---------- Record set ----------

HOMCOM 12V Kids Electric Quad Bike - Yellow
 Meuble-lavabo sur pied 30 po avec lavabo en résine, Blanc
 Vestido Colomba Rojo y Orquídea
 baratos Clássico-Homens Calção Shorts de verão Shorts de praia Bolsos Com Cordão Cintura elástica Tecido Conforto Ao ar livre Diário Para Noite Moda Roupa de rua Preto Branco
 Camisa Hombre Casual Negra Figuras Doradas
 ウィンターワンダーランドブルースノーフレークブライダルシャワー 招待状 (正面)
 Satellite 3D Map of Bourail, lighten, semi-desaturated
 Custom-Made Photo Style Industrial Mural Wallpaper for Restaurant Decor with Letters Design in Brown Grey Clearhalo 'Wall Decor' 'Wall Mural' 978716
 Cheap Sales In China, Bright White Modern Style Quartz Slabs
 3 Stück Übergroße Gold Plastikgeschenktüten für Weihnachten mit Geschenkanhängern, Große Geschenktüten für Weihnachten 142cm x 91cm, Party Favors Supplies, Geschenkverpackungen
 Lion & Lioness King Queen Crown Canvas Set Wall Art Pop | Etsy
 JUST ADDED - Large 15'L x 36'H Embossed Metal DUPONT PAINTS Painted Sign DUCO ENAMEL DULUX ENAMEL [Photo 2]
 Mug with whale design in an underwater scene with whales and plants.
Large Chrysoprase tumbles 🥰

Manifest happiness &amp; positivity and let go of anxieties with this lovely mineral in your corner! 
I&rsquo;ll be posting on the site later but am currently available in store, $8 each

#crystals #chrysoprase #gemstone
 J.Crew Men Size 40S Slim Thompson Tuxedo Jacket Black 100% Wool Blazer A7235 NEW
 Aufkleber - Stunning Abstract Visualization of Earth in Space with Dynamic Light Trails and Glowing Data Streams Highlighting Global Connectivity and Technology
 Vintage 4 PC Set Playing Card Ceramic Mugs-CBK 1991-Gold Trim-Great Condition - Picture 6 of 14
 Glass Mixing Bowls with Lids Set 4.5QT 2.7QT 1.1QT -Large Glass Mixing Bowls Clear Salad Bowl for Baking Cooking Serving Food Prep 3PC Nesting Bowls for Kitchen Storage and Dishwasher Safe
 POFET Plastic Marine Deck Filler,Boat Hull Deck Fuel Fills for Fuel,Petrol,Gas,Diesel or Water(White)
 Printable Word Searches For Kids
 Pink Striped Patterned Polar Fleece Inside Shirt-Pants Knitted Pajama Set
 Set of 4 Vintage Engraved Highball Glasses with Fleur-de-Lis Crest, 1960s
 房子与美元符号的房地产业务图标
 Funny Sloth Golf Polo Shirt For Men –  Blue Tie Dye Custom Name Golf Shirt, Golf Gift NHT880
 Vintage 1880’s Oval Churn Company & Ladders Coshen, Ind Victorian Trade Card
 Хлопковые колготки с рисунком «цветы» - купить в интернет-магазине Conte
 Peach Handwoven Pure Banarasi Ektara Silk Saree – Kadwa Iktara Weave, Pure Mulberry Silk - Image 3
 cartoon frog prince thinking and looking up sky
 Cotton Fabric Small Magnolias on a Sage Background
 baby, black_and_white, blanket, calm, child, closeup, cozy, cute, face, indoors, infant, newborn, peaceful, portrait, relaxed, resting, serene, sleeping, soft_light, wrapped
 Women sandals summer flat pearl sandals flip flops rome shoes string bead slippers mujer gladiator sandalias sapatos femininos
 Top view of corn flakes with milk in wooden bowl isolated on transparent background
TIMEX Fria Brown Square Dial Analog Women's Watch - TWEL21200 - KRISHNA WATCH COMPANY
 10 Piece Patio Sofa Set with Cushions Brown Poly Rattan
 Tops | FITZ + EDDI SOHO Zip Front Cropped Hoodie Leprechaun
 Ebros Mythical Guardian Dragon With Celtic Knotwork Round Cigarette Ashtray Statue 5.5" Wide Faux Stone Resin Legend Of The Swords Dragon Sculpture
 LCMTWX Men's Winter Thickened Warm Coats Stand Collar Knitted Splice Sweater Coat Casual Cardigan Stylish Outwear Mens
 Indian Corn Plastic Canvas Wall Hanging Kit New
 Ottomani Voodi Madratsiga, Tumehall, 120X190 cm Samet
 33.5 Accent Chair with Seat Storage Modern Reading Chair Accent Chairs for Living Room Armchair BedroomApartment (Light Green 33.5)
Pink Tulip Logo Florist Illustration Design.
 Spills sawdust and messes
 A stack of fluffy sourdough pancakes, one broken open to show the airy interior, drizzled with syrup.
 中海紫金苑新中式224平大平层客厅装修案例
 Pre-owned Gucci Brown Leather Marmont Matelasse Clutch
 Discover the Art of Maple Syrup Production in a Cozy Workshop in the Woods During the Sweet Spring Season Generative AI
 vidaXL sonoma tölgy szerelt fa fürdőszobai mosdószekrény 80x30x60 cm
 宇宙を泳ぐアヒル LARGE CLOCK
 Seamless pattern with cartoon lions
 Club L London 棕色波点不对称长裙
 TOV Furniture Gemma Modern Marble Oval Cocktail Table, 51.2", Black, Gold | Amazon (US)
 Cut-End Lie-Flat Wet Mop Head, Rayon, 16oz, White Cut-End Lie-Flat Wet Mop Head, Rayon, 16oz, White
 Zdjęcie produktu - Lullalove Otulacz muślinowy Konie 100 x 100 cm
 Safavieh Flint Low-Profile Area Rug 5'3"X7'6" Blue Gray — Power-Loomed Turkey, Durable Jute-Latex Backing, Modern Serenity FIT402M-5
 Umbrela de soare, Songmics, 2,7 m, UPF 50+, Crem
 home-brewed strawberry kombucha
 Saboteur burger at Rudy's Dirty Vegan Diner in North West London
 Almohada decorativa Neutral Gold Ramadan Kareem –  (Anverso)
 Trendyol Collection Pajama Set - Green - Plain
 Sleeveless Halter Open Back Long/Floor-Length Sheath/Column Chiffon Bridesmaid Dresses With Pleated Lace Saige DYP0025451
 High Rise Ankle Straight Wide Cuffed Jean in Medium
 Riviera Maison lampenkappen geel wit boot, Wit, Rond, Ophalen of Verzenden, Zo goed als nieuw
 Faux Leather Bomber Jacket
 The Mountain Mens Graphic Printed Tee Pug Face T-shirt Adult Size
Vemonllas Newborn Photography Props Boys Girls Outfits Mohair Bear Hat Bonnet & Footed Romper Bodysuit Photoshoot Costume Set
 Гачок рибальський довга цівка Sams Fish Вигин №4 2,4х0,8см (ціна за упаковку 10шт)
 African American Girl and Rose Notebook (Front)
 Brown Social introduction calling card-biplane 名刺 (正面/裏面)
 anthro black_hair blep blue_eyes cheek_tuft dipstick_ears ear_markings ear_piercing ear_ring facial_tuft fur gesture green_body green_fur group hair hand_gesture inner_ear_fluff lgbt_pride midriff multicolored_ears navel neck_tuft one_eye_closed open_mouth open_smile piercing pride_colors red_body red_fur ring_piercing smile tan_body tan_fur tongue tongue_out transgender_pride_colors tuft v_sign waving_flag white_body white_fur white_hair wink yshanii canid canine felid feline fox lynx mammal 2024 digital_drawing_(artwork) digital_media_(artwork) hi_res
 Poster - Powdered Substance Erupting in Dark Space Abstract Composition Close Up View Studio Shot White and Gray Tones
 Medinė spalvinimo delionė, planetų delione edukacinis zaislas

----------

Return the data in full, with each line kept exactly as it is.

* Task response
HOMCOM 12V Kids Electric Quad Bike - Yellow
 Meuble-lavabo sur pied 30 po avec lavabo en résine, Blanc
 Vestido Colomba Rojo y Orquídea
 baratos Clássico-Homens Calção Shorts de verão Shorts de praia Bolsos Com Cordão Cintura elástica Tecido Conforto Ao ar livre Diário Para Noite Moda Roupa de rua Preto Branco
 Camisa Hombre Casual Negra Figuras Doradas
 ウィンターワンダーランドブルースノーフレークブライダルシャワー 招待状 (正面)
 Satellite 3D Map of Bourail, lighten, semi-desaturated
 Custom-Made Photo Style Industrial Mural Wallpaper for Restaurant Decor with Letters Design in Brown Grey Clearhalo 'Wall Decor' 'Wall Mural' 978716
 Cheap Sales In China, Bright White Modern Style Quartz Slabs
 3 Stück Übergroße Gold Plastikgeschenktüten für Weihnachten mit Geschenkanhängern, Große Geschenktüten für Weihnachten 142cm x 91cm, Party Favors Supplies, Geschenkverpackungen
 Lion & Lioness King Queen Crown Canvas Set Wall Art Pop | Etsy
 JUST ADDED - Large 15'L x 36'H Embossed Metal DUPONT PAINTS Painted Sign DUCO ENAMEL DULUX ENAMEL [Photo 2]
 Mug with whale design in an underwater scene with whales and plants.
Large Chrysoprase tumbles 🥰

Manifest happiness &amp; positivity and let go of anxieties with this lovely mineral in your corner! 
I&rsquo;ll be posting on the site later but am currently available in store, $8 each

#crystals #chrysoprase #gemstone
 J.Crew Men Size 40S Slim Thompson Tuxedo Jacket Black 100% Wool Blazer A7235 NEW
 Aufkleber - Stunning Abstract Visualization of Earth in Space with Dynamic Light Trails and Glowing Data Streams Highlighting Global Connectivity and Technology
 Vintage 4 PC Set Playing Card Ceramic Mugs-CBK 1991-Gold Trim-Great Condition - Picture 6 of 14
 Glass Mixing Bowls with Lids Set 4.5QT 2.7QT 1.1QT -Large Glass Mixing Bowls Clear Salad Bowl for Baking Cooking Serving Food Prep 3PC Nesting Bowls for Kitchen Storage and Dishwasher Safe
 POFET Plastic Marine Deck Filler,Boat Hull Deck Fuel Fills for Fuel,Petrol,Gas,Diesel or Water(White)
 Printable Word Searches For Kids
 Pink Striped Patterned Polar Fleece Inside Shirt-Pants Knitted Pajama Set
 Set of 4 Vintage Engraved Highball Glasses with Fleur-de-Lis Crest, 1960s
 房子与美元符号的房地产业务图标
 Funny Sloth Golf Polo Shirt For Men –  Blue Tie Dye Custom Name Golf Shirt, Golf Gift NHT880
 Vintage 1880’s Oval Churn Company & Ladders Coshen, Ind Victorian Trade Card
 Хлопковые колготки с рисунком «цветы» - купить в интернет-магазине Conte
 Peach Handwoven Pure Banarasi Ektara Silk Saree – Kadwa Iktara Weave, Pure Mulberry Silk - Image 3
 cartoon frog prince thinking and looking up sky
 Cotton Fabric Small Magnolias on a Sage Background
 baby, black_and_white, blanket, calm, child, closeup, cozy, cute, face, indoors, infant, newborn, peaceful, portrait, relaxed, resting, serene, sleeping, soft_light, wrapped
 Women sandals summer flat pearl sandals flip flops rome shoes string bead slippers mujer gladiator sandalias sapatos femininos
 Top view of corn flakes with milk in wooden bowl isolated on transparent background
TIMEX Fria Brown Square Dial Analog Women's Watch - TWEL21200 - KRISHNA WATCH COMPANY
 10 Piece Patio Sofa Set with Cushions Brown Poly Rattan
 Tops | FITZ + EDDI SOHO Zip Front Cropped Hoodie Leprechaun
 Ebros Mythical Guardian Dragon With Celtic Knotwork Round Cigarette Ashtray Statue 5.5" Wide Faux Stone Resin Legend Of The Swords Dragon Sculpture
 LCMTWX Men's Winter Thickened Warm Coats Stand Collar Knitted Splice Sweater Coat Casual Cardigan Stylish Outwear Mens
 Indian Corn Plastic Canvas Wall Hanging Kit New
 Ottomani Voodi Madratsiga, Tumehall, 120X190 cm Samet
 33.5 Accent Chair with Seat Storage Modern Reading Chair Accent Chairs for Living Room Armchair BedroomApartment (Light Green 33.5)
Pink Tulip Logo Florist Illustration Design.
 Spills sawdust and messes
 A stack of fluffy sourdough pancakes, one broken open to show the airy interior, drizzled with syrup.
 中海紫金苑新中式224平大平层客厅装修案例
 Pre-owned Gucci Brown Leather Marmont Matelasse Clutch
 Discover the Art of Maple Syrup Production in a Cozy Workshop in the Woods During the Sweet Spring Season Generative AI
 vidaXL sonoma tölgy szerelt fa fürdőszobai mosdószekrény 80x30x60 cm
 宇宙を泳ぐアヒル LARGE CLOCK
 Seamless pattern with cartoon lions
 Club L London 棕色波点不对称长裙
 TOV Furniture Gemma Modern Marble Oval Cocktail Table, 51.2", Black, Gold | Amazon (US)
 Cut-End Lie-Flat Wet Mop Head, Rayon, 16oz, White Cut-End Lie-Flat Wet Mop Head, Rayon, 16oz, White
 Zdjęcie produktu - Lullalove Otulacz muślinowy Konie 100 x 100 cm
 Safavieh Flint Low-Profile Area Rug 5'3"X7'6" Blue Gray — Power-Loomed Turkey, Durable Jute-Latex Backing, Modern Serenity FIT402M-5
 Umbrela de soare, Songmics, 2,7 m, UPF 50+, Crem
 home-brewed strawberry kombucha
 Saboteur burger at Rudy's Dirty Vegan Diner in North West London
 Almohada decorativa Neutral Gold Ramadan Kareem –  (Anverso)
 Trendyol Collection Pajama Set - Green - Plain
 Sleeveless Halter Open Back Long/Floor-Length Sheath/Column Chiffon Bridesmaid Dresses With Pleated Lace Saige DYP0025451
 High Rise Ankle Straight Wide Cuffed Jean in Medium
 Riviera Maison lampenkappen geel wit boot, Wit, Rond, Ophalen of Verzenden, Zo goed als nieuw
 Faux Leather Bomber Jacket
 The Mountain Mens Graphic Printed Tee Pug Face T-shirt Adult Size
Vemonllas Newborn Photography Props Boys Girls Outfits Mohair Bear Hat Bonnet & Footed Romper Bodysuit Photoshoot Costume Set
 Гачок рибальський довга цівка Sams Fish Вигин №4 2,4х0,8см (ціна за упаковку 10шт)
 African American Girl and Rose Notebook (Front)
 Brown Social introduction calling card-biplane 名刺 (正面/裏面)
 anthro black_hair blep blue_eyes cheek_tuft dipstick_ears ear_markings ear_piercing ear_ring facial_tuft fur gesture green_body green_fur group hair hand_gesture inner_ear_fluff lgbt_pride midriff multicolored_ears navel neck_tuft one_eye_closed open_mouth open_smile piercing pride_colors red_body red_fur ring_piercing smile tan_body tan_fur tongue tongue_out transgender_pride_colors tuft v_sign waving_flag white_body white_fur white_hair wink yshanii canid canine felid feline fox lynx mammal 2024 digital_drawing_(artwork) digital_media_(artwork) hi_res
 Poster - Powdered Substance Erupting in Dark Space Abstract Composition Close Up View Studio Shot White and Gray Tones
 Medinė spalvinimo delionė, planetų delione edukacinis zaislas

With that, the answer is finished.